Bewertung:

Das Buch bietet einen umfassenden und fesselnden Überblick über Woodrow Wilsons Rolle bei der Entstehung des Ersten Weltkriegs und verbindet politische und militärische Geschichte mit zahlreichen Anekdoten und einer gut recherchierten Erzählung.
Vorteile:⬤ Gut recherchiert und gut lesbar
⬤ bietet neue Perspektiven auf Wilson und die Beteiligung der USA am Ersten Weltkrieg
⬤ enthält interessante Anekdoten
⬤ präsentiert sowohl politische als auch militärische Aspekte
⬤ enthält einen nützlichen bibliographischen Essay.

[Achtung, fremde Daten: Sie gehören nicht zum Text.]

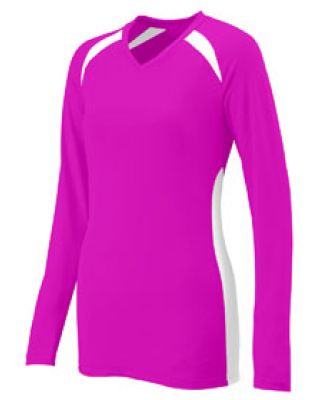 Augusta Sportswear 1305 Women's Spike Jersey POW PINK/ WHITE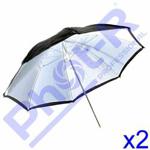 Phot-R Professional 2x 33″/83cm 2-in-1 Black/White Studio Collapsible Umbrella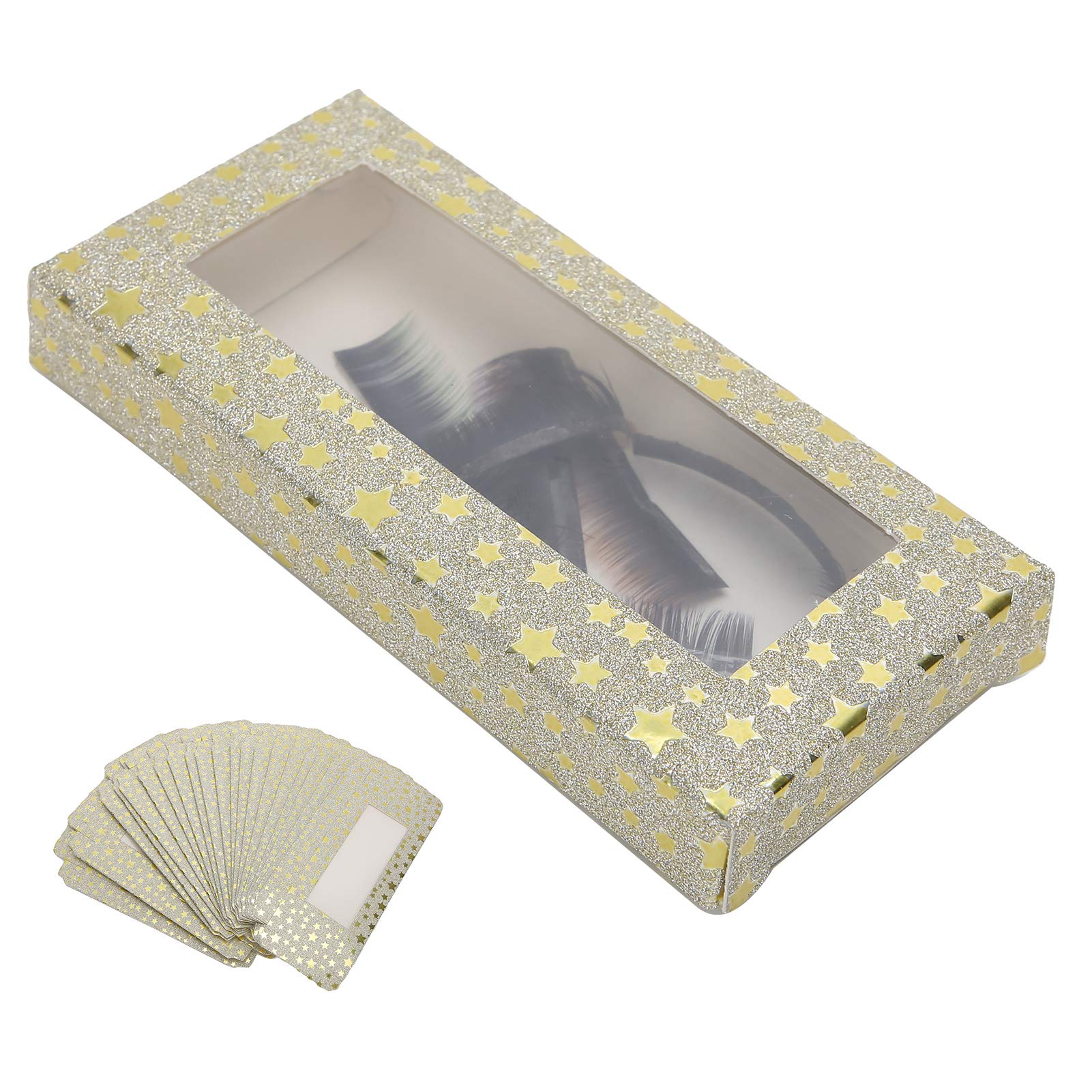 Premium Lash Box - Eyelash Storage Organizer with Paper Lash Holder for False Eyelashes | Makeup Accessories for Women & Girls (Yellow Stars Design) | Perfect for Salon, Travel & Home Makeup Organization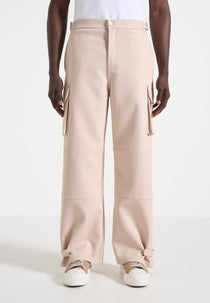Mathis - Twill Signature Wide Leg Cargo Trousers - Beige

Einige Rezensenten wiesen auf die Subjektivität des Autors hin und darauf, dass sich das Buch stark auf die politische Geschichte stützt, was nicht alle Leser ansprechen dürfte.
(basierend auf 4 Leserbewertungen)
More Precious Than Peace: A New History of America in World War I
Justus D. Doeneckes monumentale Studie deckt die diplomatischen, militärischen und ideologischen Aspekte der Beteiligung der USA am Ersten Weltkrieg in vollem Umfang ab.
Der Eintritt Amerikas in den "Krieg, der alle Kriege beenden sollte" im April 1917 markiert einen der wichtigsten Wendepunkte in der Geschichte der Nation. Innerhalb von nur neunzehn Monaten entsandten die Vereinigten Staaten fast zwei Millionen Soldaten nach Übersee, bauten einen starken Propagandaapparat auf und schufen eine beispiellose Kriegsmaschinerie, die maßgeblich zum Sieg der Alliierten im Herbst 1918 beitrug. An der Spitze der Nation kämpften Woodrow Wilson und seine Regierung mit politischen Unstimmigkeiten, nationalen und internationalen Kontroversen und ihrer eigenen mangelnden Erfahrung in der Führung eines massiven Kriegseinsatzes.
In More Precious than Peace, dem lang erwarteten Nachfolger seines von der Kritik hochgelobten Werks Nothing Less than War, untersucht Justus D. Doenecke die gesamte amerikanische Erfahrung als vollwertiger Kriegsteilnehmer im Ersten Weltkrieg. Doenecke untersucht das Streben der Wilson-Regierung nach nationaler Einheit, den Creel-Ausschuss und "patriotische" Kreuzzüge. Indem er diese und viele andere Themen miteinander verwebt, darunter die Reaktion der USA auf die russischen Revolutionen, schafft Doenecke eine lebendige und umfassende Darstellung. Auf der Grundlage beeindruckender Forschungsergebnisse stellt diese ausgewogene Bewertung historiografische Kontroversen in Frage und wird für Studenten, Wissenschaftler und alle Leser, die sich für die Geschichte des Ersten Weltkriegs interessieren, von großem Nutzen sein.